The Giants will also shoot for their fourth straight series triumph over the National League West-rival Dodgers after evening this set with Thursday's 2-1 win behind Matt Cain's seven shutout innings of three-hit ball and five strikeouts. Sergio Romo tossed a scoreless eighth before Brian Wilson ran into some trouble in the ninth inning. The closer allowed a home run, but managed to record his 43rd save.
Mike Fontenot's RBI single in the seventh inning opened the scoring and Pablo Sandoval plated Aubrey Huff in the eighth on a fielder's choice. Buster Posey and Juan Uribe each had two hits.
"We'd like to get some more runs, especially since our pitchers have really been pitching well," Fontenot said. "But sometimes you have to grind them out like this."
San Francisco has grinded San Diego's lead atop the NL West down to just a half-game, the same distance it sits behind Atlanta in the wild card standings. The Giants haven't made the postseason since 2003 and have alternated wins and losses over their last five games.
Giants starter Jonathan Sanchez is one inning from tying his career-high scoreless innings streak of 13.0 and will try to do that tonight. Sanchez tossed seven shutout innings in a win at Los Angeles on Sept. 5, then held the Padres scoreless over five frames last Friday at Petco Park. He did walk seven batters in the 1-0 win, but did not record a decision.
The left-hander is 10-8 in 30 games (29 starts) this season with a 3.29 earned run average, but is only 1-5 in 14 lifetime matchups, 10 of which have been starts, with the Dodgers.
Los Angeles will wrap up what has been a disappointing 10-game road trip Thursday and wasted a solid effort from starting pitcher Chad Billingsley in last night's loss.
Billingsley allowed one run in seven innings and fanned seven batters to absorb the loss. George Sherrill gave up the other run in relief, as the Dodgers remained 10 1/2 games off the lead in both the NL West and wild card.
"He went after it and a soft single beat him.
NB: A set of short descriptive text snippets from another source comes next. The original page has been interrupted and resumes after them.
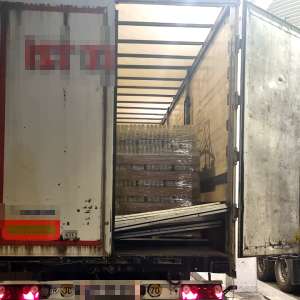 Cinci cetățeni străini ascunși printre conserve și sucuri, descoperiți în P.T.F. Giurgiu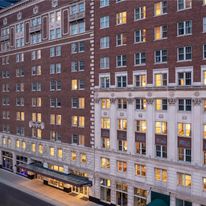 Doubletree Suites by Hilton Detroit Down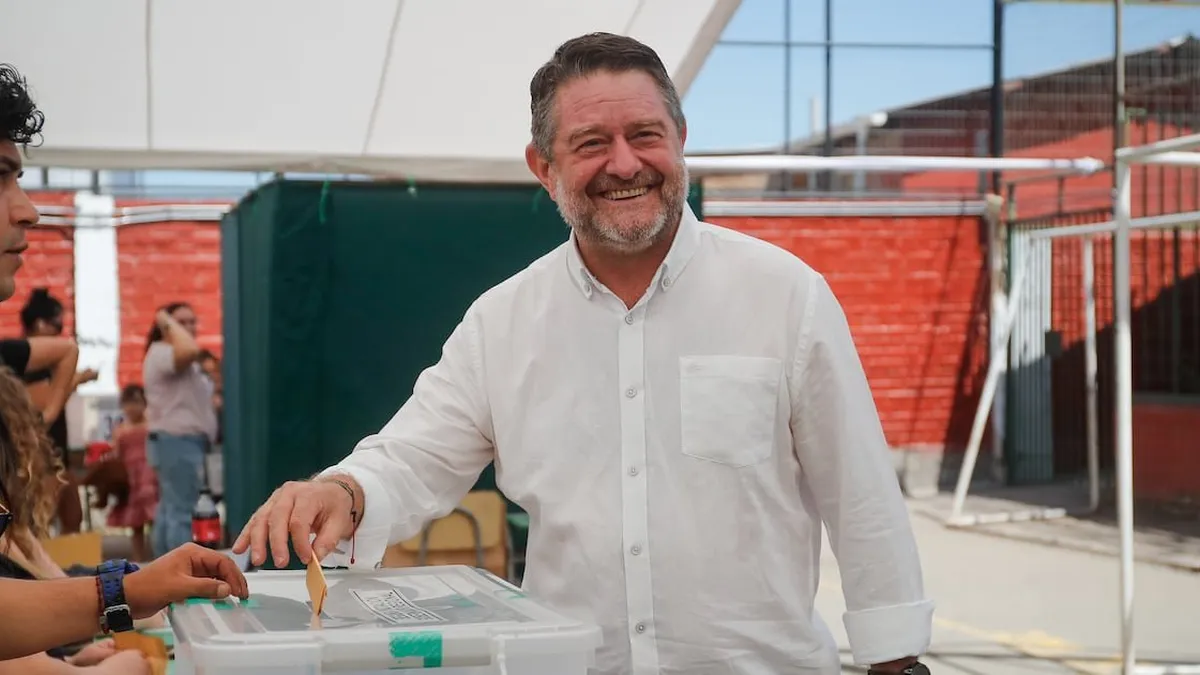 Claudio Orrego se reelige en la RM con una contundente victoria sobre Francisco Orrego.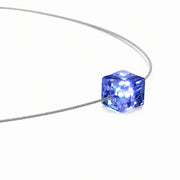 Das Firejewel LED-Armband mit blauem Cube-Kristall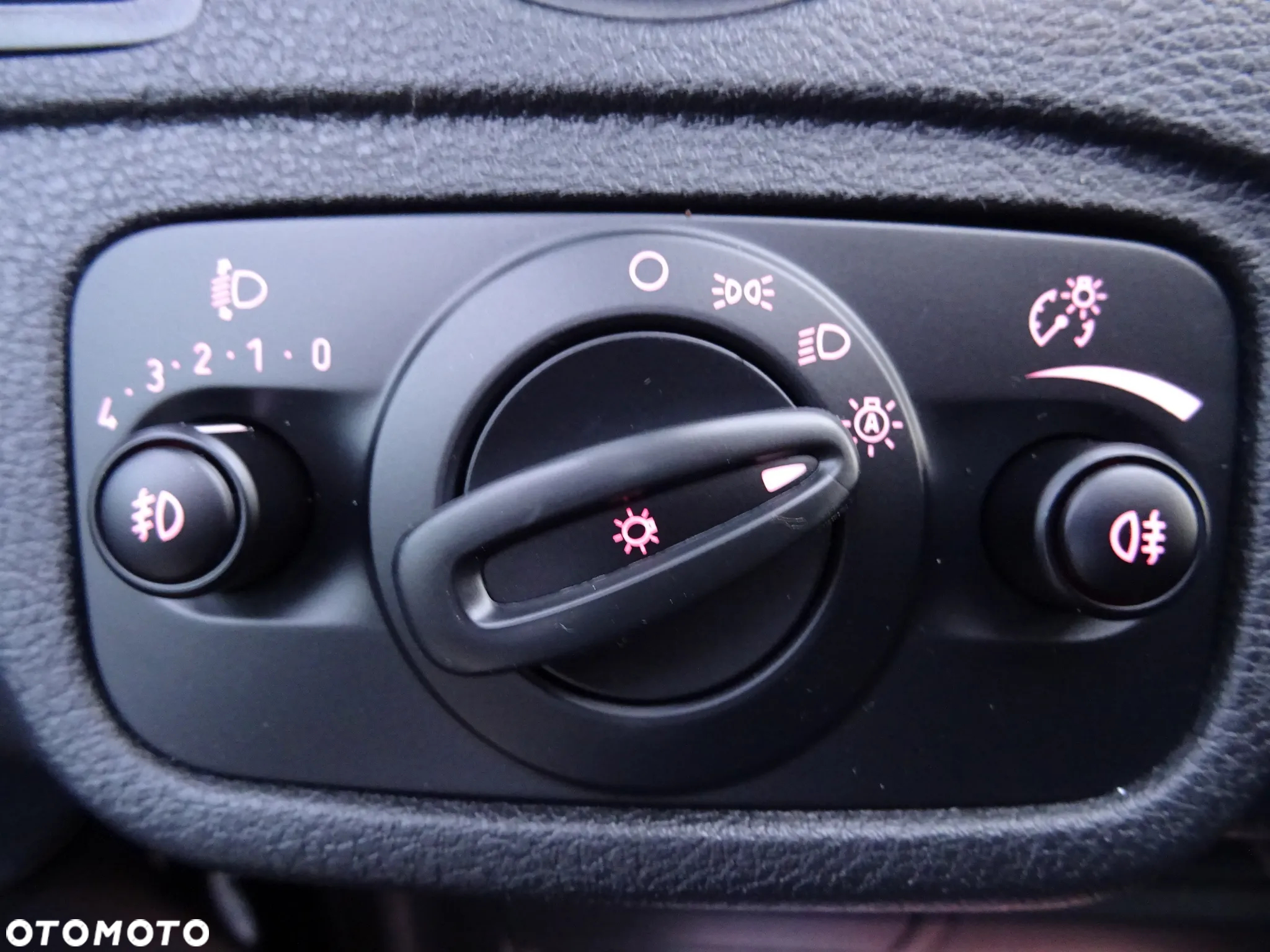 Ford S-Max 2.0 TDCi DPF Titanium - 34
He had another great game," Dodgers manager Joe Torre said of Billingsley.
Andre Ethier finished with a team-best two hits and homered off Wilson with two outs in the ninth inning to account for LA's scoring.
The Dodgers, who are 3-6 on the road swing, hope Ted Lilly can tame the Giants when he toes the rubber tonight. Lilly is 5-2 with a 3.33 ERA in eight starts for Los Angeles since coming over in a trade from Chicago, but is winless (0-2) in his previous three outings. Lilly lost last Thursday in a 3-2 setback at Houston, as he was reached for three runs in six innings.
Lilly did not figure into the decision of a 5-4 defeat versus San Francisco on Sept. 4 and permitted two runs and three hits through seven innings. The lefty is 3-1 in six career starts against the Giants.
San Francisco leads the 2010 series with LA by a 9-8 margin and is 6-2 in the previous eight meetings between the ballclubs.